Let's pick another *random* station and see if the source of the data also uses the same methods of interpolations. Make sure you run the following code (with shift+enter on the block):

In [None]:
# now lets look at another
new_choice = choose_station()
plot_data_by_source(load_data(new_choice), 'T.Max', 'Smx', 
                    '{} [{}]'.format(new_choice['name'], new_choice['filename']))

How does this differ? Are the sources of this data different? Remember, since the dataset you picked is *random*, each student will have different silo data. Try running the following blocks of code again to continue to pick random locations, and get a feel of how the sources change depending on location. 

In [None]:
# now lets look at another
new_choice = choose_station()
plot_data_by_source(load_data(new_choice), 'T.Max', 'Smx', 
                    '{} [{}]'.format(new_choice['name'], new_choice['filename']))

The difference between sources suggests that some datasets might be more trustworthy than others.

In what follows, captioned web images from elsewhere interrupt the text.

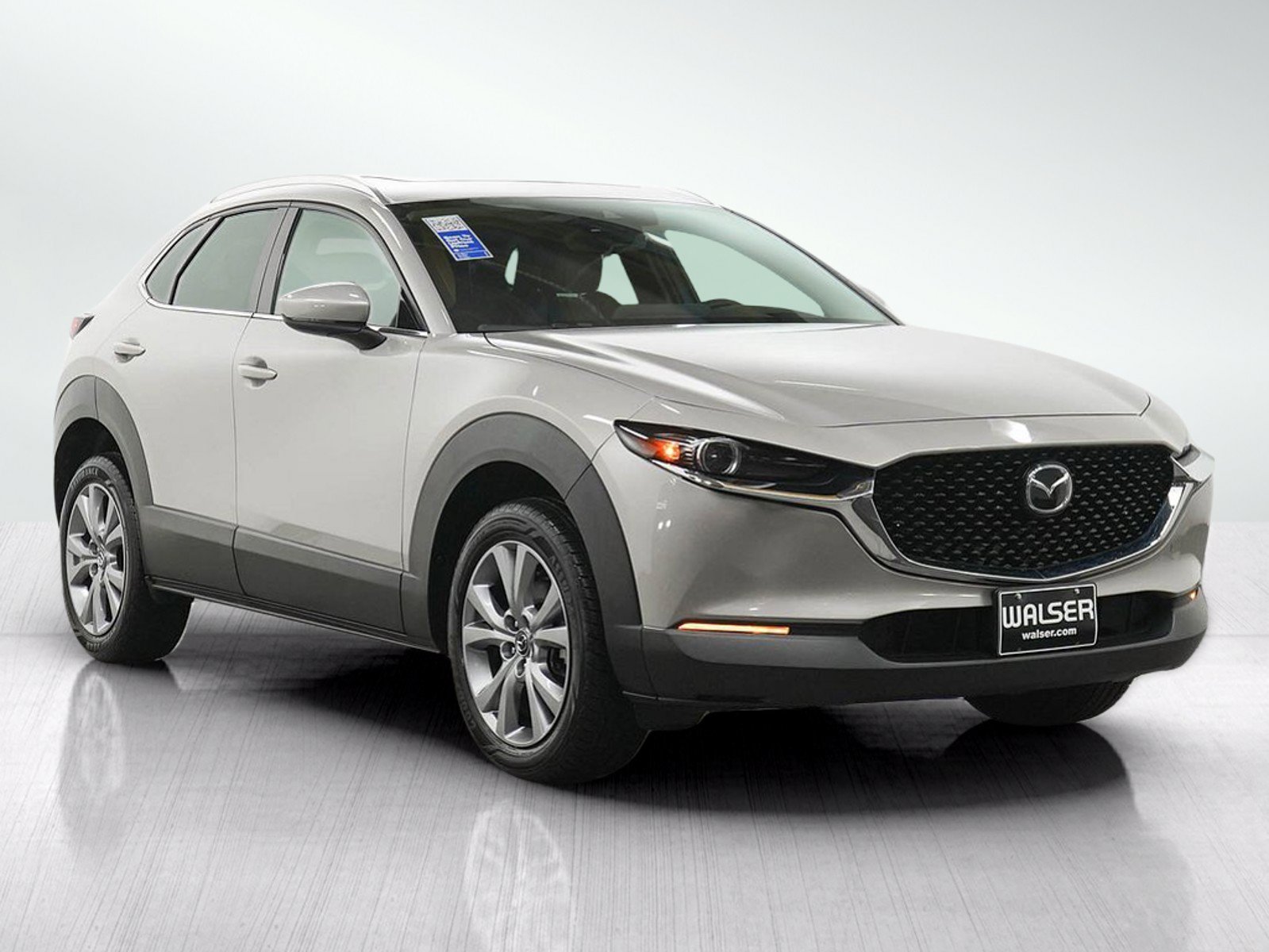 Used 2022 MAZDA CX-30 AWD 2.5 S w/ Premium Package image 7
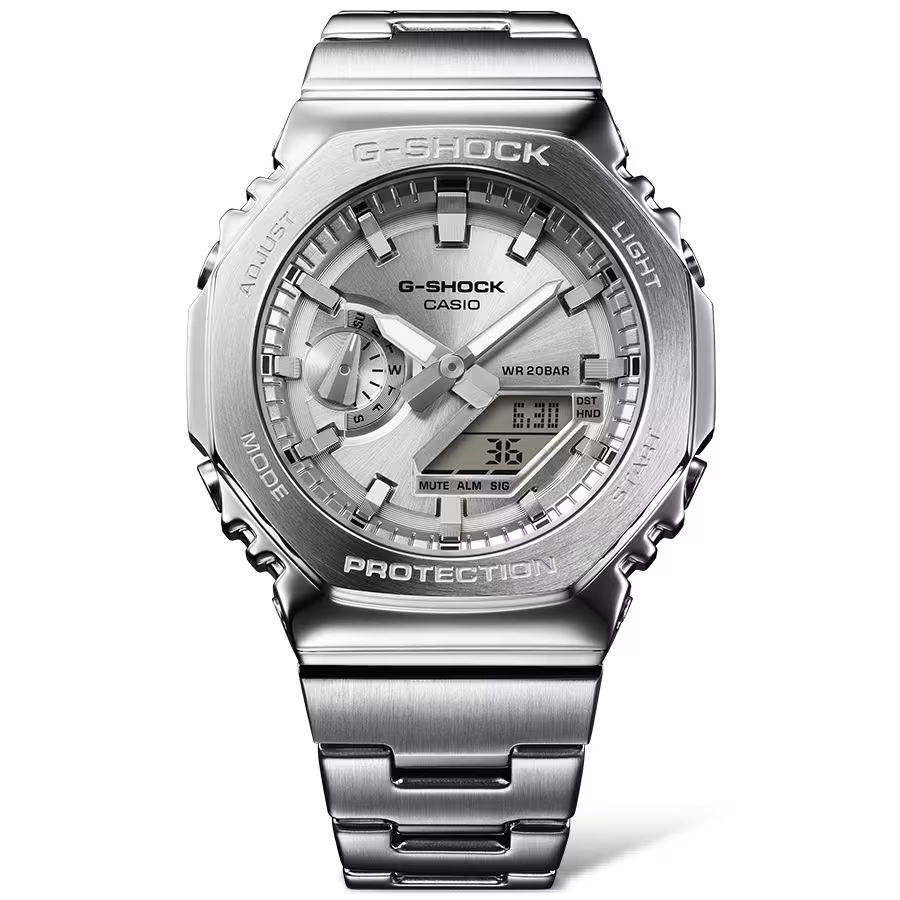 G-SHOCK G-STEEL MEN WATCH GM-2110D-7ADR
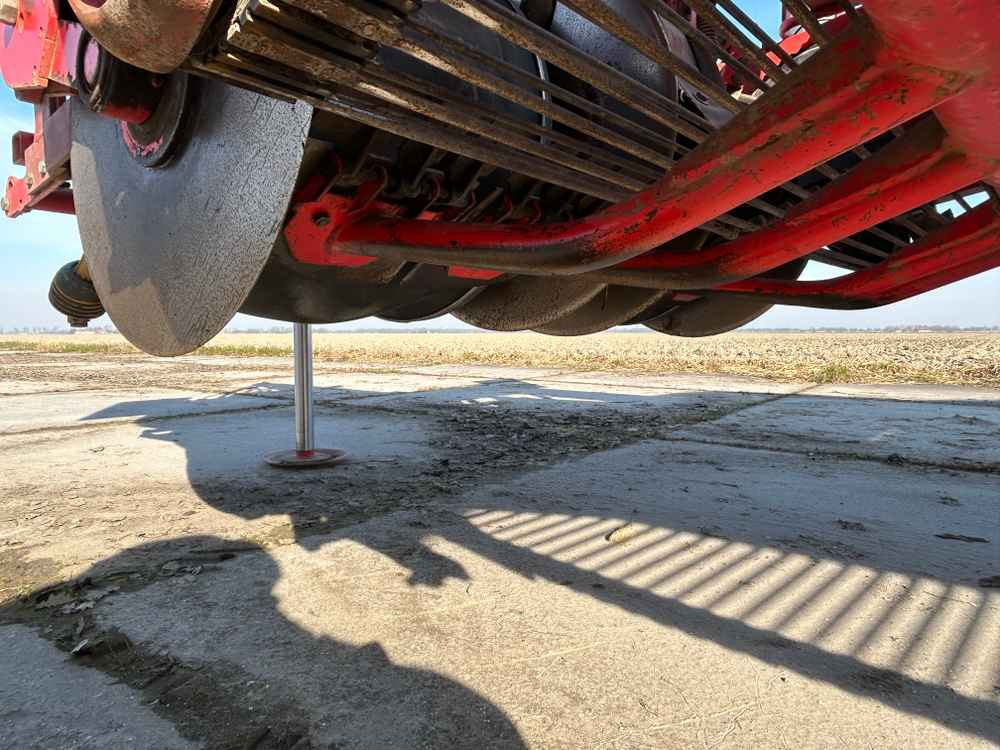Grimme GZ 1700 DL - Máy gặt: hình 5 Grimme GZ 1700 DL - Máy gặt: hình 5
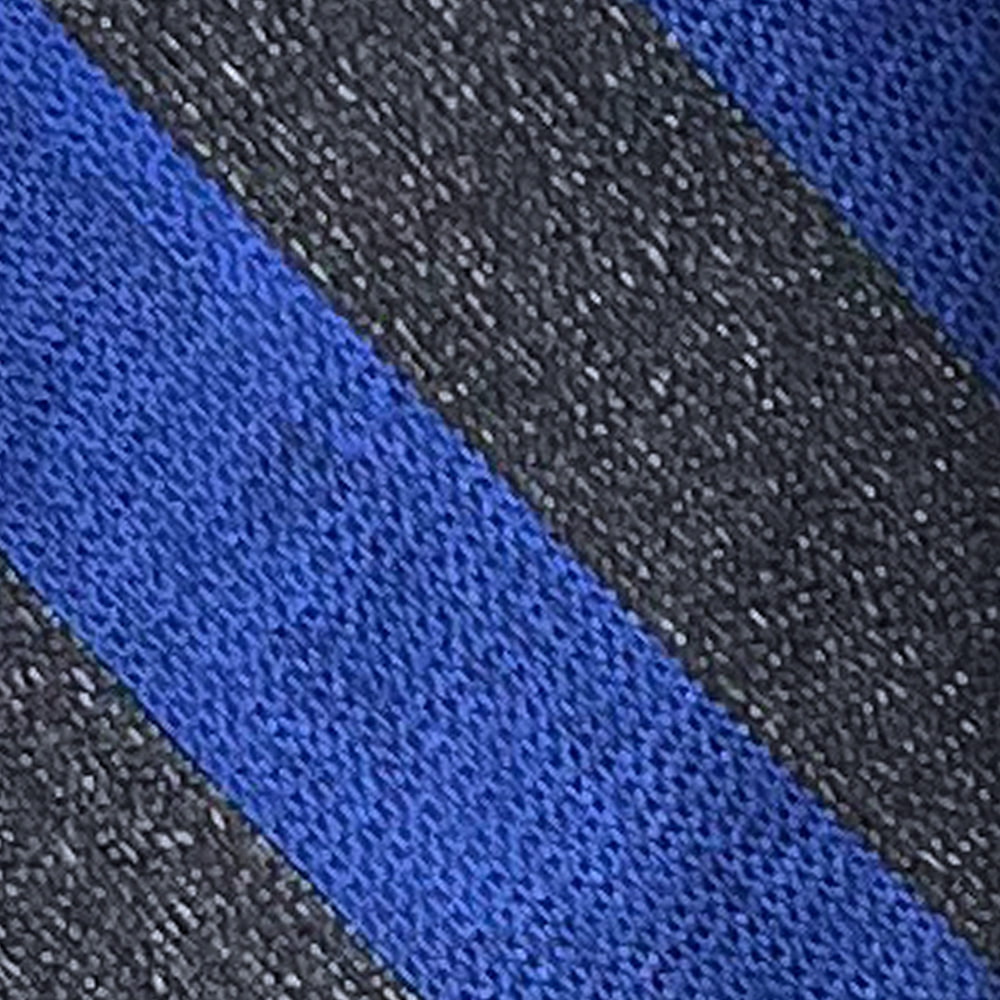 'Royal & Grey Blazer Stripe' Tie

When determining if our data is fit for use, or what dataset to focus on, we will have to also take into account *how* that data was obtained, as it will change how we should analyse it.

Given that there are 4000 files, this technique of looking at each one manually to find trustworthy datasets to further analyse on a single computer would be time consuming. In the next session, we will use our hadoop cluster to perform distributed analysis to get an understanding of the data *as a whole* rather than individual files, and use that knowledge to select a few representative files to analyse further.